- Dataset records
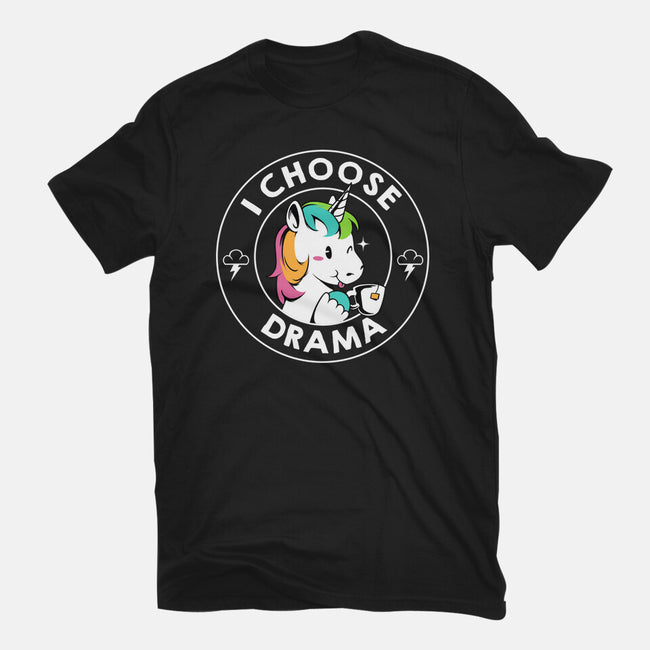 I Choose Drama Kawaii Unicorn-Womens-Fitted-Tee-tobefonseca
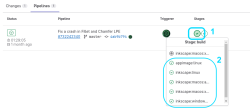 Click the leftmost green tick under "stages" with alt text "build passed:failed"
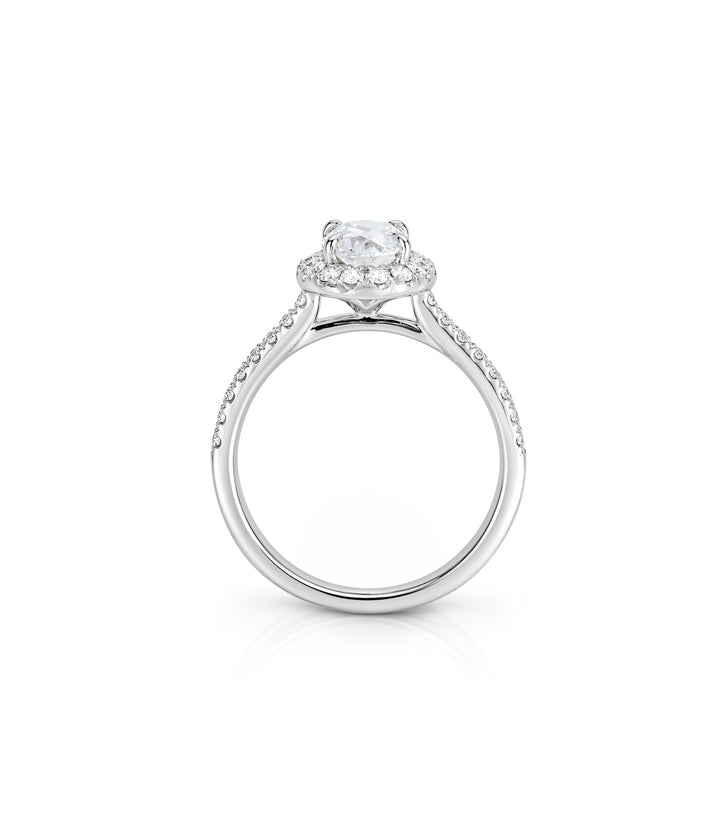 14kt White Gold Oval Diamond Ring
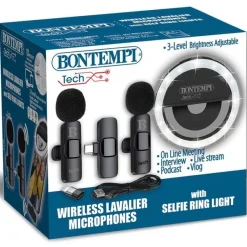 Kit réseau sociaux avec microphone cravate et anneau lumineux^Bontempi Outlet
==
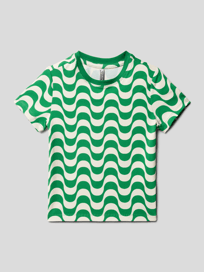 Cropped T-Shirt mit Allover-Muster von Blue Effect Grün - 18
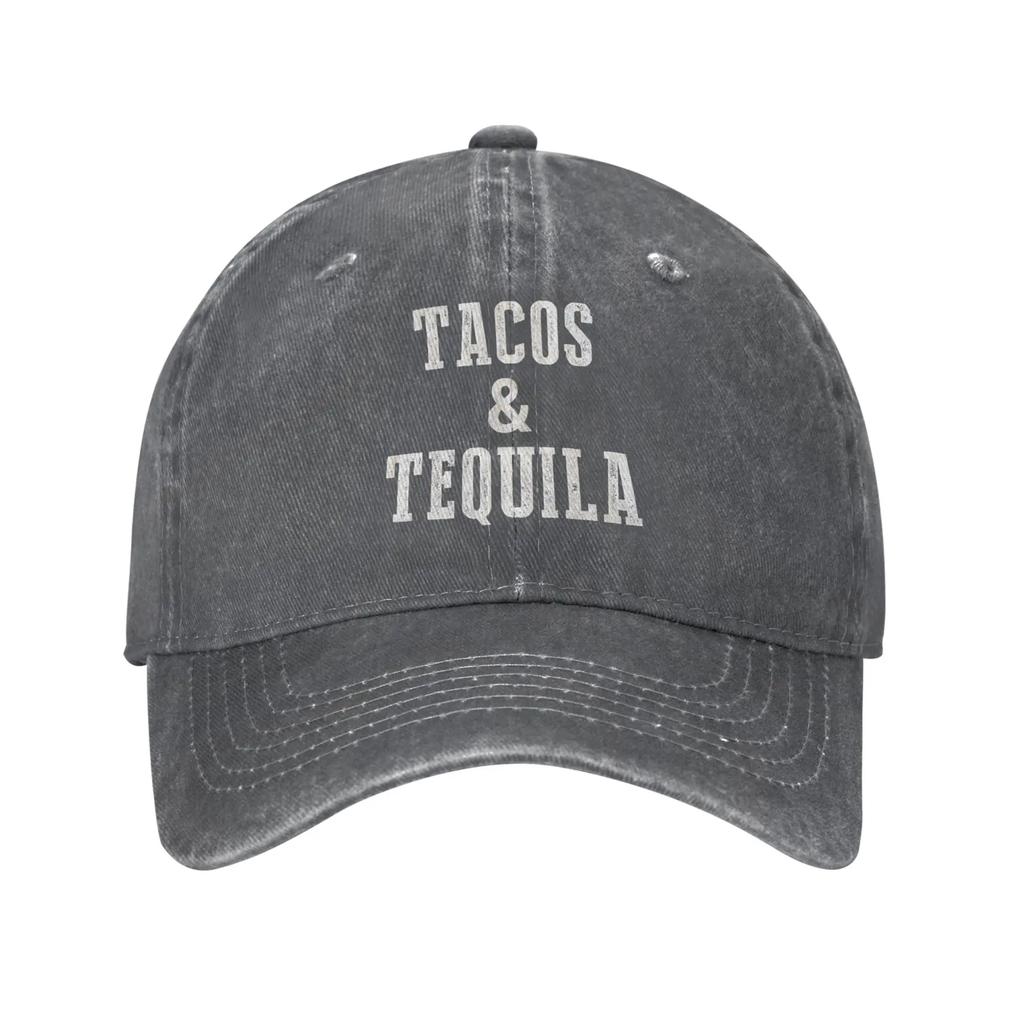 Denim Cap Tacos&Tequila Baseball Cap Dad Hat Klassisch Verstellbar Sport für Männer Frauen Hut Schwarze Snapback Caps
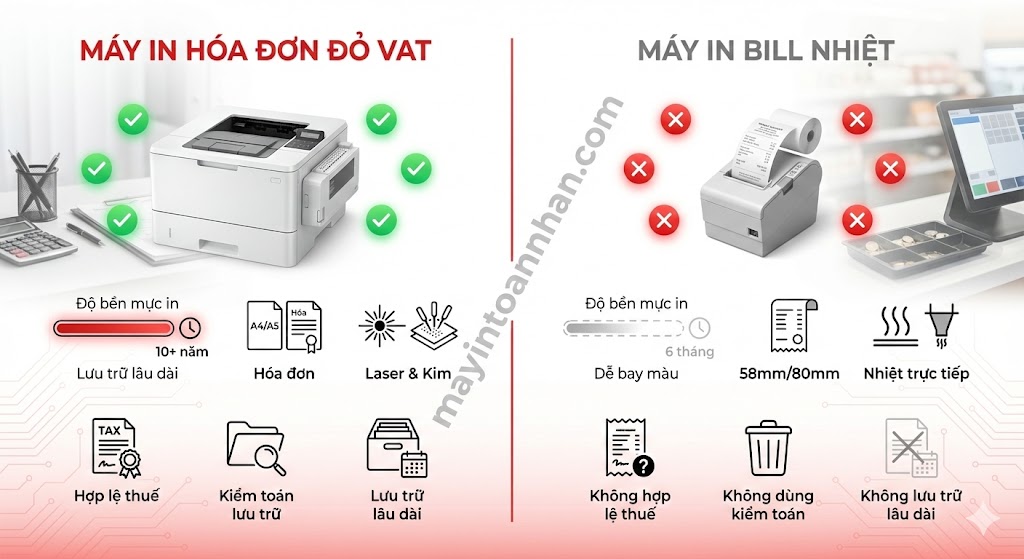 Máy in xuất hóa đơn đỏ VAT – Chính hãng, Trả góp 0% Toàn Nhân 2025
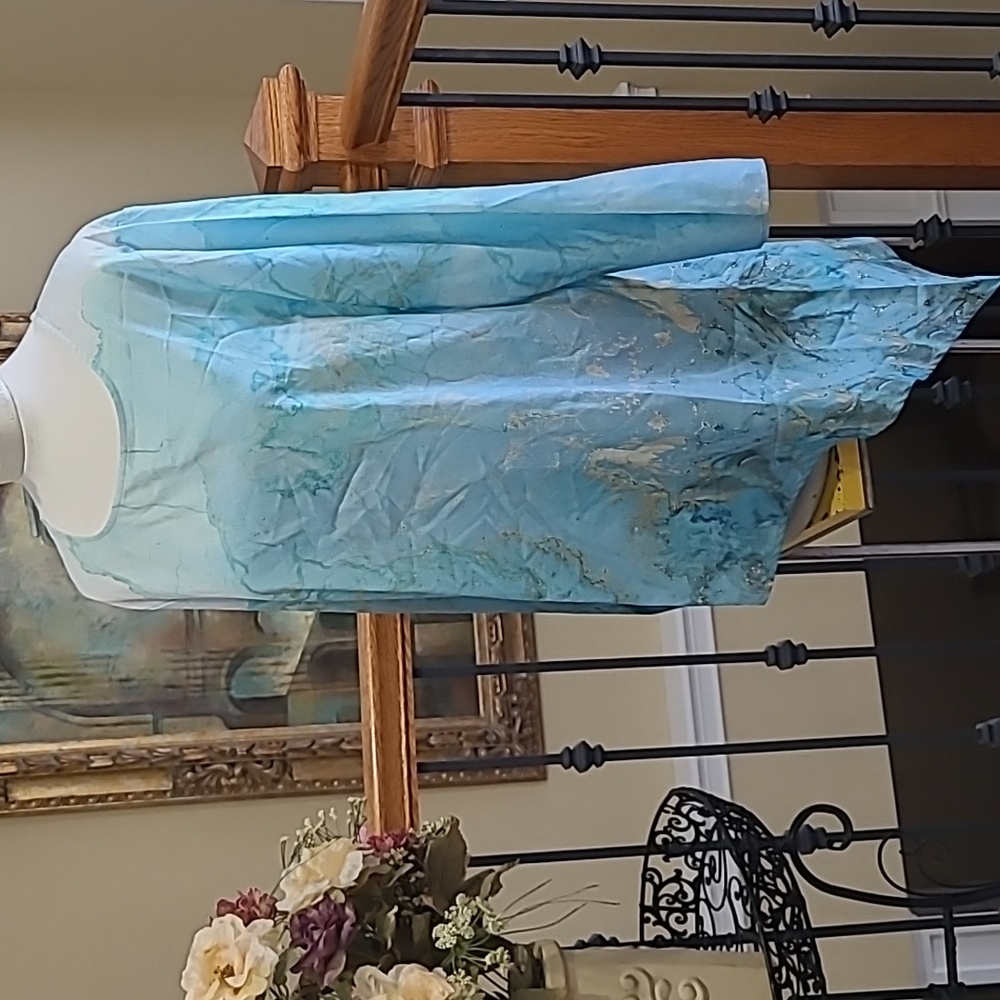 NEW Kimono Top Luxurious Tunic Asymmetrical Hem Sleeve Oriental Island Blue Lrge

- Task to carry out
Copy back exactly the lines above from the one containing "Cropped T-Shirt mit" through the one containing "NEW Kimono Top", and leave every picture behind.

- Result of this task
 Cropped T-Shirt mit Allover-Muster von Blue Effect Grün - 18
 Denim Cap Tacos&Tequila Baseball Cap Dad Hat Klassisch Verstellbar Sport für Männer Frauen Hut Schwarze Snapback Caps
 Máy in xuất hóa đơn đỏ VAT – Chính hãng, Trả góp 0% Toàn Nhân 2025
 NEW Kimono Top Luxurious Tunic Asymmetrical Hem Sleeve Oriental Island Blue Lrge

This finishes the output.